■ **How to complete this task**
Give back exactly the lines from the start of the entries below to the line holding "3DS「ドラゴンクエストモン", that line included, and leave every picture out.

■ **Records**
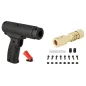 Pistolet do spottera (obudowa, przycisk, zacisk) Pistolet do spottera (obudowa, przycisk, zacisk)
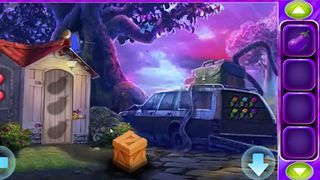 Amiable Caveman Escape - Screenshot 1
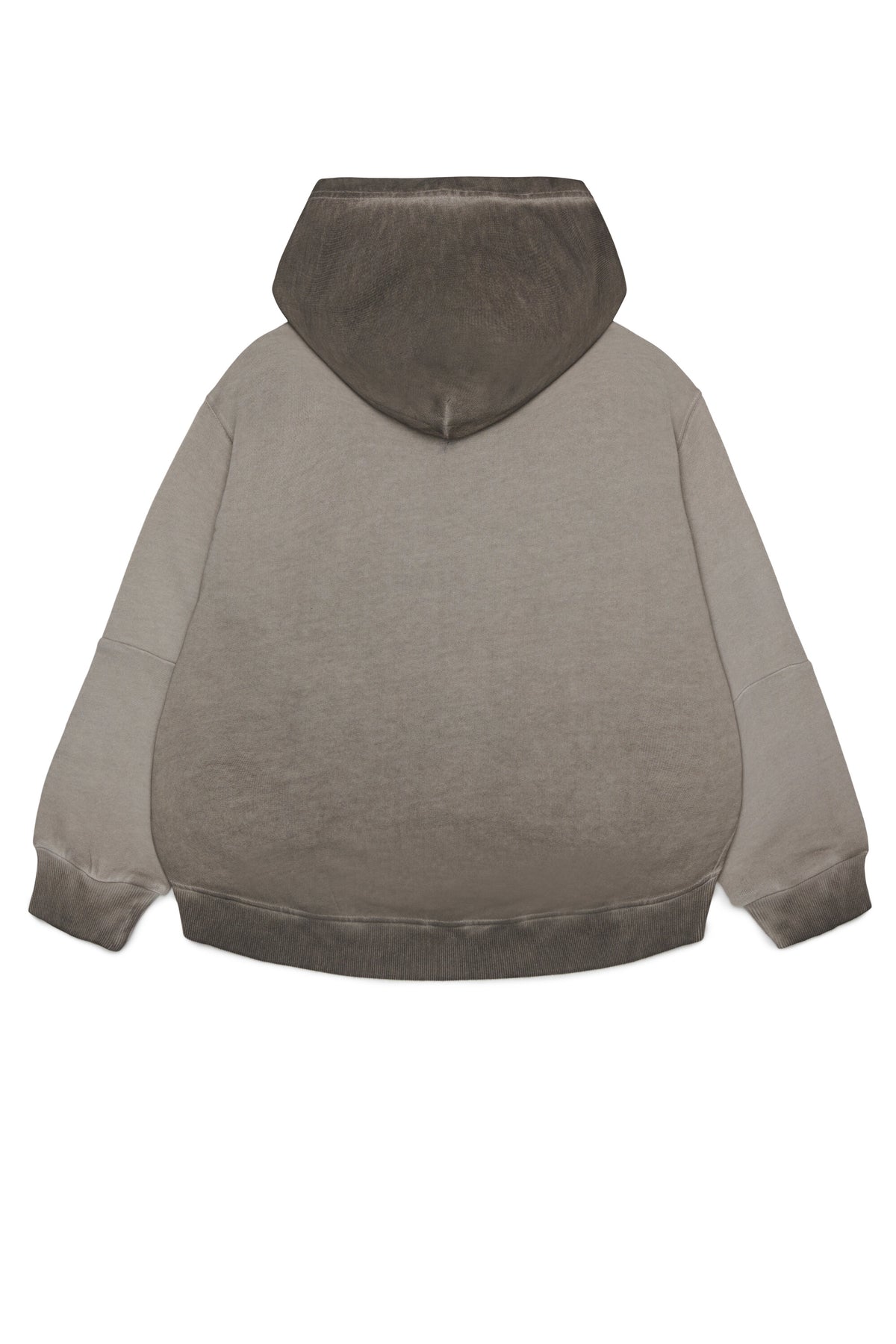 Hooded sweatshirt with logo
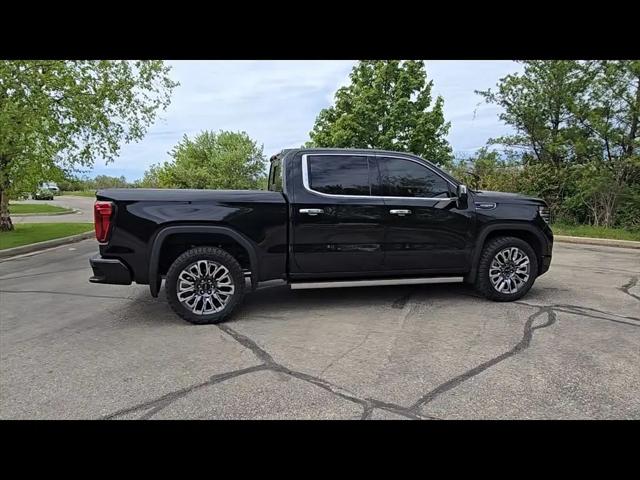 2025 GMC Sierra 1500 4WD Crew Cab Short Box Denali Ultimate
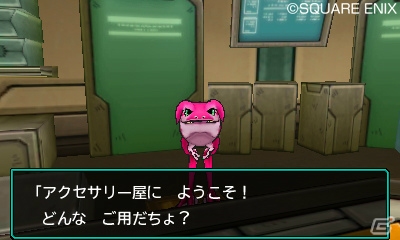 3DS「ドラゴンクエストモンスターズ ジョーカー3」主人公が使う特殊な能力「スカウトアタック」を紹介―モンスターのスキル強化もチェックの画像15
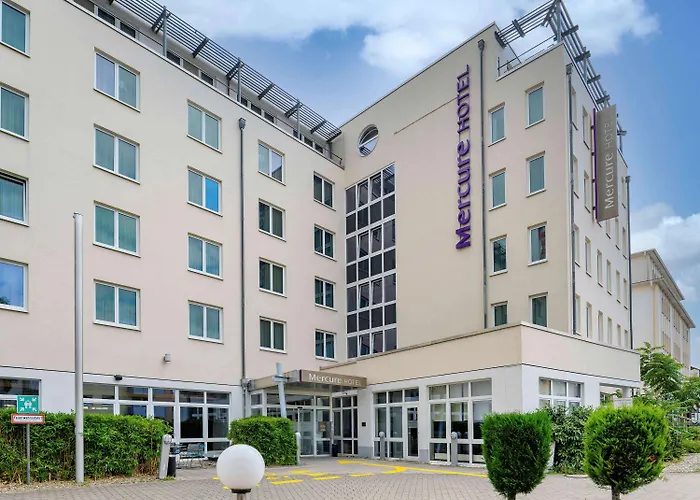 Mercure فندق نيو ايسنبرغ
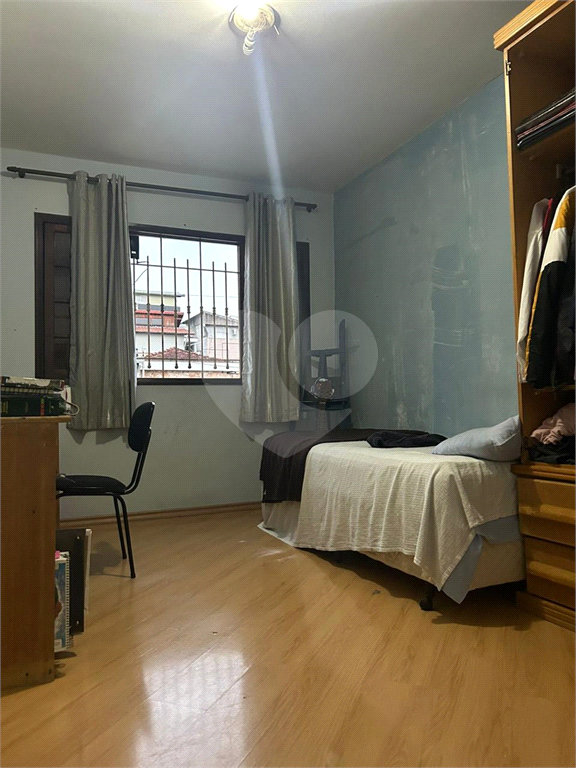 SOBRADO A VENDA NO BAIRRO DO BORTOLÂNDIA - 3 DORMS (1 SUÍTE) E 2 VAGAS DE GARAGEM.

■ **Completed task**
 Pistolet do spottera (obudowa, przycisk, zacisk) Pistolet do spottera (obudowa, przycisk, zacisk)
 Amiable Caveman Escape - Screenshot 1
 Hooded sweatshirt with logo
 2025 GMC Sierra 1500 4WD Crew Cab Short Box Denali Ultimate
 3DS「ドラゴンクエストモンスターズ ジョーカー3」主人公が使う特殊な能力「スカウトアタック」を紹介―モンスターのスキル強化もチェックの画像15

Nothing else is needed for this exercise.